En une année, marquée par des élections générales, toutes les présidences des partis francophones, PTB excepté, ont changé. Charles Michel, Didier Reynders, Elio Di Rupo, Laurette Onkelinx, Benoît Lutgen, Joëlle Milquet et Zakia Khattabi, notamment, ont quitté l’avant-scène politique nationale.

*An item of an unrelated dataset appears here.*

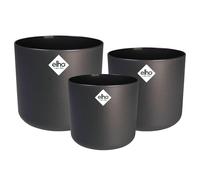Elho B.for Soft Round - Vaso per Interno - 100% plastica riciclata - 3 Pezzi - Ø 14, 16, 18 cm - Nero/Anthracite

C’était il y a un an, à la fin de 2018, et on se serait cru au moment d’écrire une rétrospective de l’année 2017, ou 2016, ou 2015, ou 2014, ou même des années avant, depuis toujours et pour toujours. A la fin de 2018, en effet, une digue d’éternité semblait continuer d’enserrer la politique francophone : Elio Di Rupo disait qu’il en avait encore pour dix ans, Charles Michel était là pour toujours, d’ailleurs Olivier Maingain avait bien connu son père, comme celui de Benoît Lutgen qui se réjouissait du retour de Joëlle Milquet, et Didier Reynders aussi, qui n’était toujours pas parvenu à partir mais qui le voulait, comme Laurette Onkelinx semblait-il, et tous se de- mandaient ce que Zakia Khattabi allait faire d’Ecolo, dont elle avait l’air d’avoir pris les commandes pour longtemps.

Douze mois plus tard, la mer s’est retirée et a emporté avec elle ces puissants cétacés. Elio Di Rupo a quitté, après vingt ans, ses bureaux du boulevard de l’Empereur, à Bruxelles, pour s’installer paisiblement à l’Elysette, à Namur. Charles Michel préside le Conseil européen. Olivier Maingain s’est replié sur sa commune de Woluwe-Saint-Lambert, Benoît Lutgen se distrait au Parlement européen, Joëlle Milquet n’est plus là du tout, Didier Reynders est à la Commission européenne, et Laurette Onkelinx sur une chaîne d’information en continu le vendredi soir. Quant à Zakia Khattabi, elle s’est fait désigner juge à la Cour constitutionnelle. Jamais en temps de paix la politique francophone n’avait connu de tels bouleversements. Des bouleversements qui ne doivent que peu de choses aux résultats électoraux d’un énorme scrutin : même Charles Michel et Elio Di Rupo, dont les partis sont les grands perdants du 26 mai, se seraient de toute façon éloignés. Le premier parce qu’après avoir été Premier presque cinq ans, ça s’était mal passé et il ne pouvait pas rester, le second parce qu’après avoir été Premier, il était resté président cinq ans, ça s’était mal passé et il ne pouvait plus rester. Miné par le Kazakhgate, Armand De Decker, ancien ministre et président du Sénat, est décédé quant à lui le 12 juin. Laurette Onkelinx, qui avait annoncé un départ non suivi d’effets dès 2017, et Joëlle Milquet, qui n’était plus ministre mais était encore députée bruxelloise et toujours inculpée et qui avait voulu se présenter aux législatives mais qui y avait vite renoncé, avaient éludé la question électorale pour la première fois depuis des décennies. C’était dit, donc. En 2019, la politique francophone aurait changé de visage.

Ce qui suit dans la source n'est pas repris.